The Dublin-based lender posted a 1.32 billion-euro loss for the same period last year, it said in a statement today. Bank of Ireland’s loan impairment charge declined to 842 million euros from 1.08 billion euros, while its net interest margin, the difference between its funding costs and average rate at which it lends, narrowed to 1.33 percentage points from 1.41 points.
While the bank still sees that group loan impairments peaked in 2009, Irish mortgage loan losses “will continue into 2012,” Richie Boucher, chief executive officer, told reporters. “We always anticipated” losses on the home-loans book “would be back-ended.”
Bank of Ireland is alone among the country’s six largest lenders in escaping government control, after the state agreed July 27 to sell a 34.9 percent stake to five investors, including Toronto-based Fairfax Financial Holdings Ltd. and WL Ross & Co., the New York-based investment firm. The bank was ordered to raise 5.2 billion euros of capital following stress tests in March.
“Bank of Ireland’s interim results reflected the predicted, largely funding-related, revenue headwinds,” said Emer Lang, an analyst with Dublin-based securities firm Davy in a note to clients.
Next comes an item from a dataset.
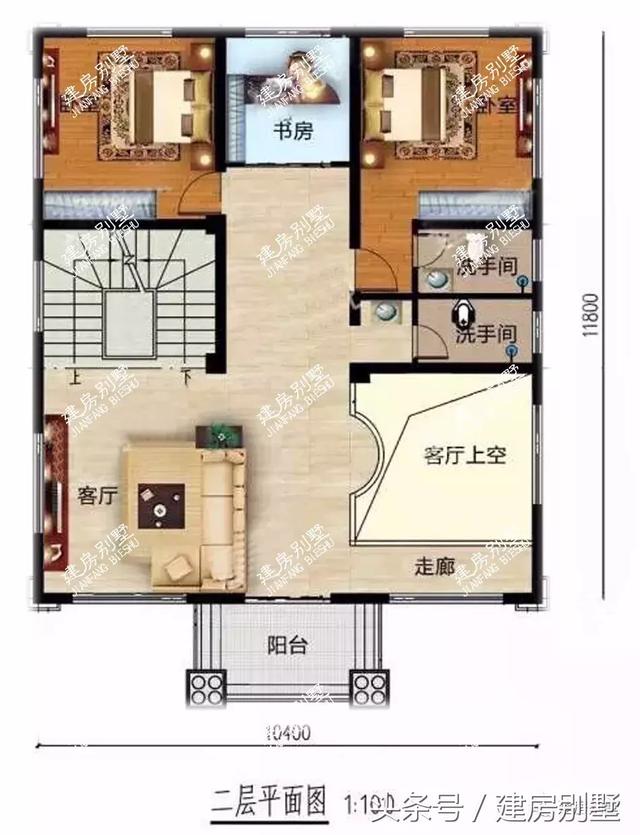 豪華四層復(fù)式別墅設(shè)計(jì)圖，配有茶室，不得不說(shuō)建一棟好房子是讓幾代人受益的事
Funding costs remain depressed by “continuing competition for customer deposits and elevated deposit pricing, higher costs of wholesale funding” and government-guarantee fees, she said.
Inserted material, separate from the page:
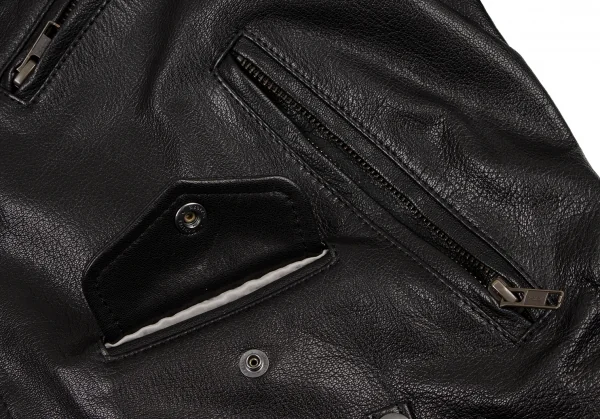 Whim Gazette Goat Leather Motorcycle Jacket K-133712_014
The lender swung into a net loss of 507 million euros for the first half from a 143 million-euro profit for the year- earlier period, which had partly benefited from gains from a subordinated debt exchange.
As part of a fundraising last month, the bank generated 1.9 billion euros from a rights offering, about 2 billion euros by inflicting losses on subordinated bondholders, and 1 billion euros selling contingent capital bonds to the government.
The bank has said it plans to raise a further 510 million euros through unspecified “further capital-raising measures.” The government intends to force losses on as much as 600 million euros of subordinated bonds remaining in the bank, a Finance Ministry spokesman said July 29.
Some 5.2 percent of the bank’s Irish mortgages were in arrears for more than 90 days at the end of June, rising from 4.2 percent at end of December, it said. Deposits were unchanged at 65 billion euros, while reliance on monetary authorities for funding fell by 2 billion euros to 29 billion euros, it said.
There has been no “material” change in the lender’s central bank funding since the end of June, Boucher said.
Bank of Ireland shares rose as much as 6.5 percent in Dublin trading and traded up 4.4 percent at 9.7 euro cents at 8:33 a.m.